1. Threats and Disputes

In recent years, the entire Selenga River Basin, including Lake Baikal, has experienced significant water pollution, which has been a problem brought about by and in large due to increased industrialization in the region. The basin’s ecosystems have also faced threats from unregulated tourism, irresponsible resource exploitation, human encroachment, and climate change, according to the International Union for the Conservation of Nature. Tensions and disputes have also began between Russia and Mongolia over the latter country’s plan to construct two dams on the Orkhon and Selenga Rivers, according to Rivers without Boundaries.
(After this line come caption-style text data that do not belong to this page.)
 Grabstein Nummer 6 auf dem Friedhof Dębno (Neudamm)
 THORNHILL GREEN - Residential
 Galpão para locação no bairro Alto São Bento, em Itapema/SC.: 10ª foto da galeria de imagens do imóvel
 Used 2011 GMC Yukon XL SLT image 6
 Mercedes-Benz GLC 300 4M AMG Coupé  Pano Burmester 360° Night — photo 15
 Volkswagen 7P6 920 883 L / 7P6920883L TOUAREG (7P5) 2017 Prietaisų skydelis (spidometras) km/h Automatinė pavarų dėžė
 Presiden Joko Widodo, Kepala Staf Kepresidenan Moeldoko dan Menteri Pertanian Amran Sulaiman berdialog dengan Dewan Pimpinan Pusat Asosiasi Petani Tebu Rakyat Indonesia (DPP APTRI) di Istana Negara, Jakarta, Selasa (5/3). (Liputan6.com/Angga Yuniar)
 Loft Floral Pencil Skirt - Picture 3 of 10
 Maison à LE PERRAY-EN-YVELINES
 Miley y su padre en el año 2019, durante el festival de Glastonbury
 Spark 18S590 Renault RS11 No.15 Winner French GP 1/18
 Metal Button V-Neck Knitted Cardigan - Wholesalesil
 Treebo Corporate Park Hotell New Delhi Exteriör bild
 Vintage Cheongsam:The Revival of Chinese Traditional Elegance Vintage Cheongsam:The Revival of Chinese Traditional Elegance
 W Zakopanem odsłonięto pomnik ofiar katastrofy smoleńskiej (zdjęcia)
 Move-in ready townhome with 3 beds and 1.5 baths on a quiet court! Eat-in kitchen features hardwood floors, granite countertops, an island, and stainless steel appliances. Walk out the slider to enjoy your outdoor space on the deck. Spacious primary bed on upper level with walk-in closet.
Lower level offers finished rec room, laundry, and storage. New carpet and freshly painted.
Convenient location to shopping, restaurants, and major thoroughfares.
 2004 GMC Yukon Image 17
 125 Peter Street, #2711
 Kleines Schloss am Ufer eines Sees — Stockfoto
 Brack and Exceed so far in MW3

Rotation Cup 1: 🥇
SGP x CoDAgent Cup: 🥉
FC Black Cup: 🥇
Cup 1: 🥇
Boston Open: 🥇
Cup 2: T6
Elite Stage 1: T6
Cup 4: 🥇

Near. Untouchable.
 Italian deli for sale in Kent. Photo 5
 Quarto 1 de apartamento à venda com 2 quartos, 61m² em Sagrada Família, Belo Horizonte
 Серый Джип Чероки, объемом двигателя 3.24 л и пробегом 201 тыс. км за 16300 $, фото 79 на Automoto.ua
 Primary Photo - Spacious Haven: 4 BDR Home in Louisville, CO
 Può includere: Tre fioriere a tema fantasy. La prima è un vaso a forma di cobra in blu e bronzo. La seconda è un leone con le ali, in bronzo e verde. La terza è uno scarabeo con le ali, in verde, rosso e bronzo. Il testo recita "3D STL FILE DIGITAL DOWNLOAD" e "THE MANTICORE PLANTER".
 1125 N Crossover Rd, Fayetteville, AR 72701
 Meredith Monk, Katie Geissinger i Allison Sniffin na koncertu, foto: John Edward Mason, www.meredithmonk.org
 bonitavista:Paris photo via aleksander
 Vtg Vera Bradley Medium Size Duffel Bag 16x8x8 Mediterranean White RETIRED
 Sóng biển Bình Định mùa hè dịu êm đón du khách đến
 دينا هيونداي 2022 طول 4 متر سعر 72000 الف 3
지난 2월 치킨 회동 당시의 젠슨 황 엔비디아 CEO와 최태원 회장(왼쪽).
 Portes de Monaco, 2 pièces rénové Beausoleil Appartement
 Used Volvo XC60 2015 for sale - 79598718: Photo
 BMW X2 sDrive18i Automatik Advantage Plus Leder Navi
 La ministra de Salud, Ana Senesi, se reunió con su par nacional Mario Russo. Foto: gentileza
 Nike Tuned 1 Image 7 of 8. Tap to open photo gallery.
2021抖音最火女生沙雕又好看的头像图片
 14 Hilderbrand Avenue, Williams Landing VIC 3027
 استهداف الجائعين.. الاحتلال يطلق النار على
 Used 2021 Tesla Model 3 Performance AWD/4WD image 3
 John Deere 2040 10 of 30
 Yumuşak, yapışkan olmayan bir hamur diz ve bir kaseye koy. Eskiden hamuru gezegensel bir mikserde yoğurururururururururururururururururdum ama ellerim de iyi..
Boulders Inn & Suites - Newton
According to researchers, such a construction would damage the Selenga River ecosystem as the dams would hinder the migration of aquatic species, decrease downstream supply of sediments vital to sustaining the river delta habitat, and distort natural flows of Lake Baikal’s main tributary, the Selenga River. Such a construction is also projected to affect the livelihoods of human populations in Russia and Mongolia who engage in such varied sectors as livestock farming, fisheries, and transportation in, around, and along the river.